I can heartily recommend two B & B's in Britain: the White House in Canterbury ( and 40 York Road in Royal Tunbridge Wells ( Both properties lived up to their descriptions and rankings in every aspect--they were clean, comfortable, and centrally located with helpful, congenial hosts. Patricia at 40 York Road (another Patricia) told me that the reviewers at TripAdvisor were absolutely "incorruptible" and conducted a thorough investigation before granting an inclusion on the site.

Another property I like in the U.K. is the hotel chain, Premier Inn, I've stayed at the location on Bath Road, near Heathrow Airport several times. It is good value. I first became aware of the hotels when I was researching a hotel near Heathrow when I travelled with my family nearly two years ago. It suited us well as the hotel allowed three in a room and there was a play area in the lobby for the children. (A good outlet for youthful energies.) The shuttle service between the hotel and the airport operates twice an hour and charges 4.00 GBP per adult per trip, but free for children. The chain has expanded to a number of locations--I think sometime I'll try one of their properties in central London.

Wednesday, May 5, 2010

Wonderwool Wales

Another principal reason for my travels overseas at this time was to attend Wonderwool Wales-- "A festival of Welsh wool and natural fibres." It is a yearly event at the Royal Welsh Showground in Builth Wells, and I believe this was the sixth year it's been held. As I've learned, the show has gone from strength to strength, and this year was another hit. The event was well organized, with many exhibitors--mostly from Wales but also from England and Scotland--a number of places to purchase tasty, relatively inexpensive food and many spots to just sit and watch the people. From counting the number of exhibitors in the show directory, there was a total of 154 booths. These were mostly yarn producers and shops, but also guilds, classes, a number of different sheep breeds and even a large working display from the Welsh National Wool Museum. I have many ideas for a group tour to Wales in 2011.
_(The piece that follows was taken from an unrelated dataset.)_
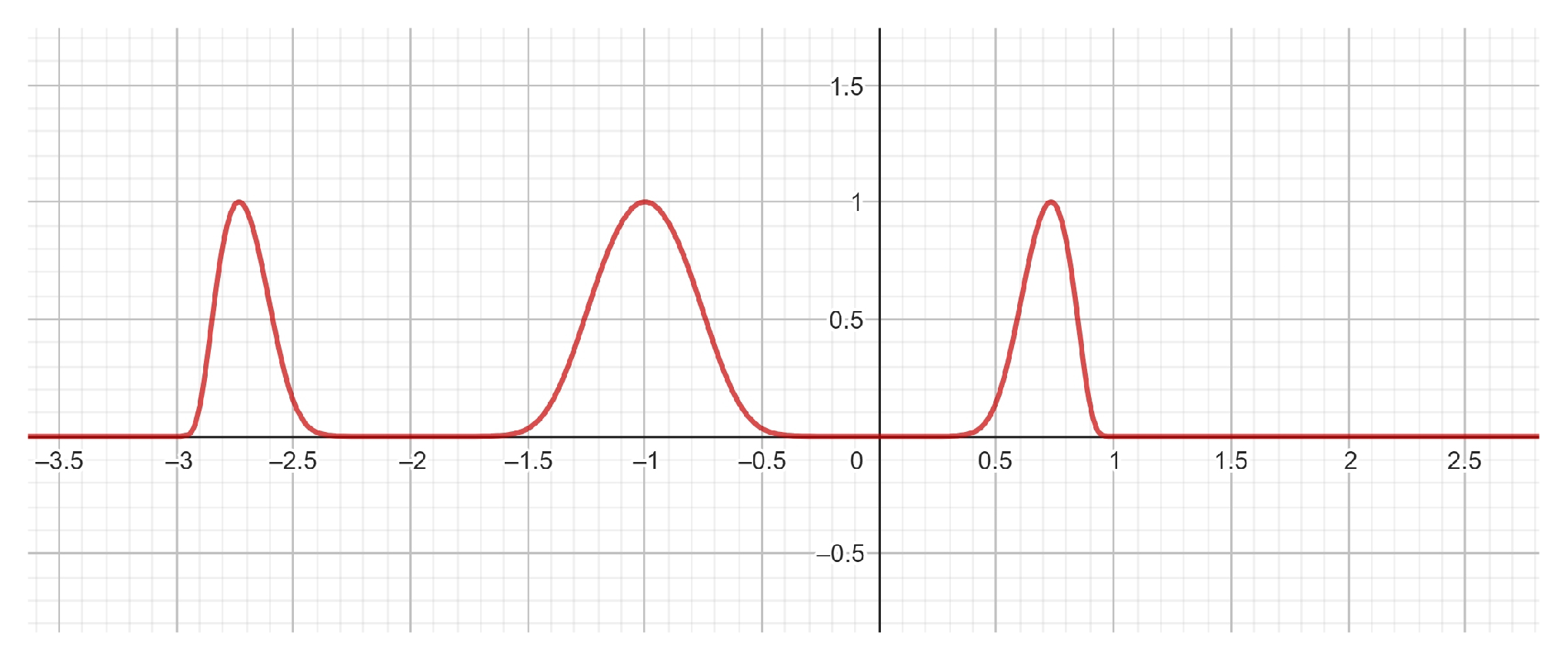 Axioms 12 00206 g014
After a very pleasant interlude with my cousins in Carmarthen, I stayed at a charming country house hotel near Builth Wells for two nights and on the third night in mid-Wales, moved to a B & B so I would be near the train station for my departure the next morning. The train station was located in a tiny little place called Cilmeris and it was stressed that this was a 'request stop'. Right on schedule, a little two-car train came chugging along, with me excitedly waving for it to stop. (The engineer couldn't have missed me as I was the only person, other than a flock of sheep on one side of the tracks and a number of cows in a field on the other.) I really enjoyed my journey from Cilmeris to Swansea--the route is called the Heart of Wales Line--and I happily sat and knit while I watched the green hills and fields of daffodils go by. It was fun to hear the chattering of Welsh accents from the other passengers.
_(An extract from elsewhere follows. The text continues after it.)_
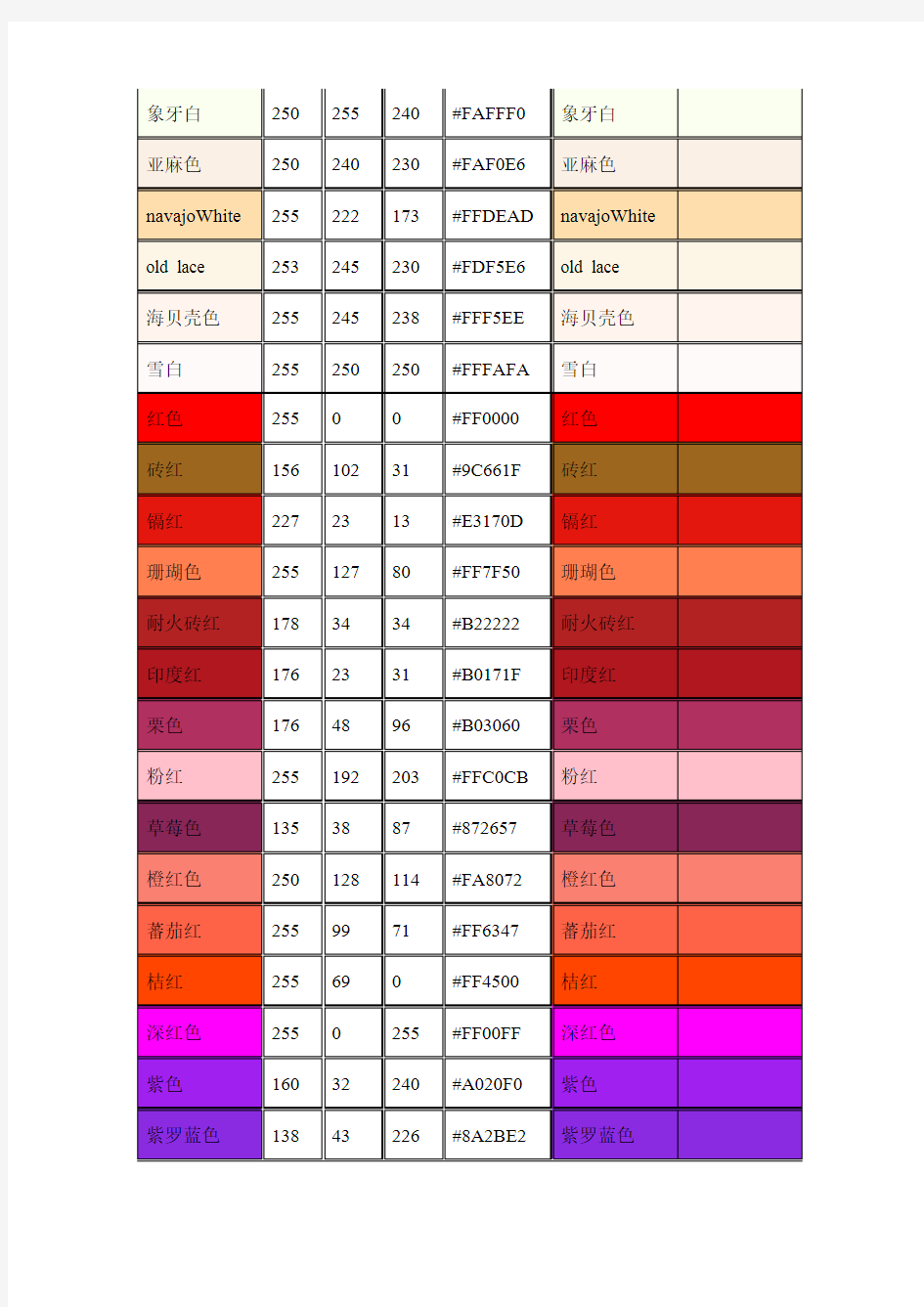 颜色RGB参数表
On a historical note, Cilmeris is known where Prince Llywelyn was slain by the English in 1282 and there is a granite memorial to mark the spot. On the Welsh inscription at the marker, Llywelyn is described as "ein llyw olaf"--translation: "Our last leader". (Wonder if Prince Charles knows about that?) My B & B hostess/taxi driver told me that Llywelyn was betrayed by those of the neighbouring village of Aberedw, and it's still felt that people from that village cannot be trusted! Welsh feelings run very deep and memories are long!
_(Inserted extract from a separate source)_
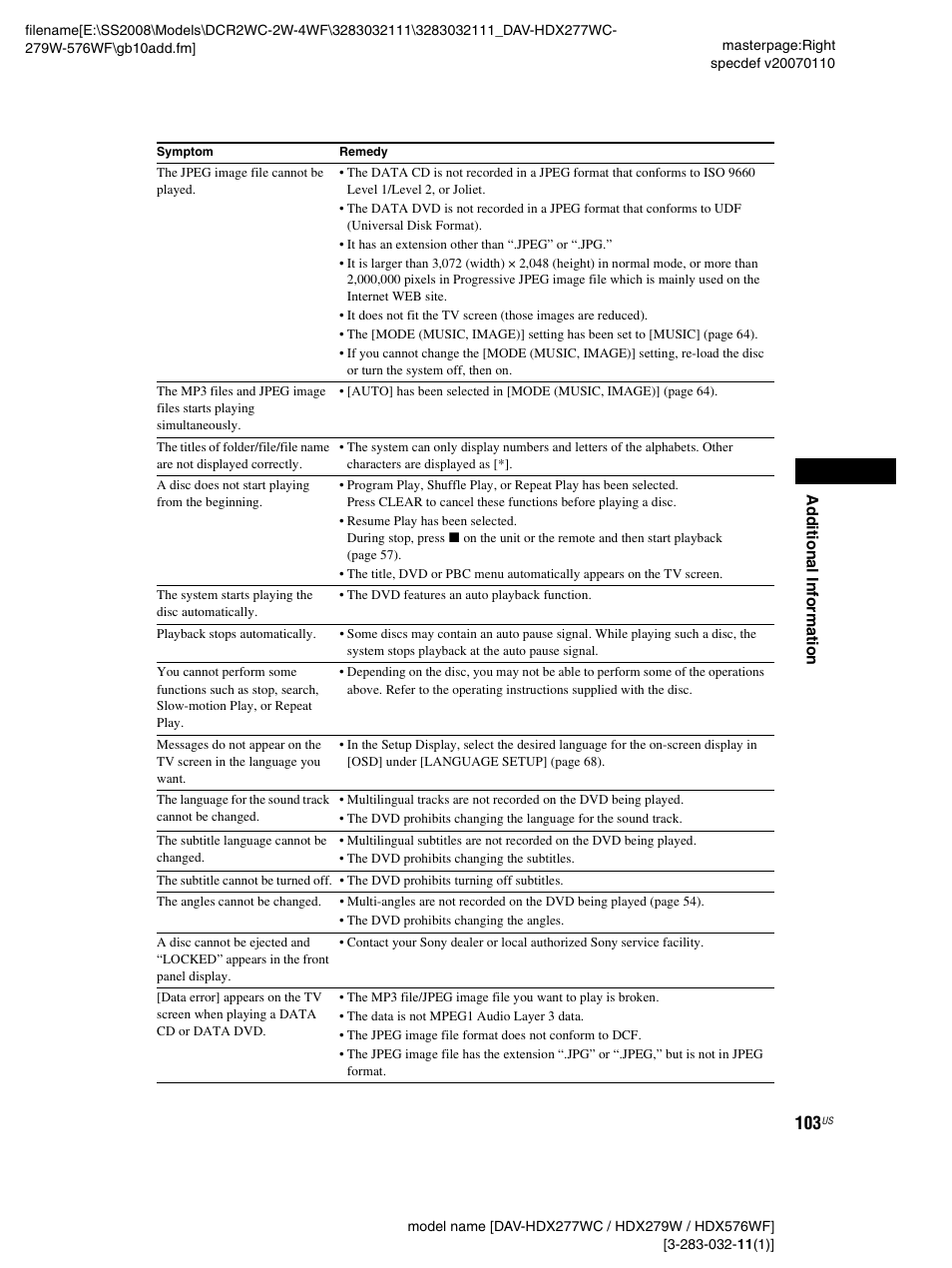Sony DAV-HDX277WC User Manual | Page 103 / 124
Once in Swansea, my train to London was waiting on the next platform. From there, I took the Heathrow Express at Paddington and then the shuttle bus to an airport hotel. The next morning, while I was waiting for the shuttle to Heathrow, I was amazed by the number of planes coming right over the hotel--I'm sure there was no more than a three-minute interval between each landing approach. Hard to believe!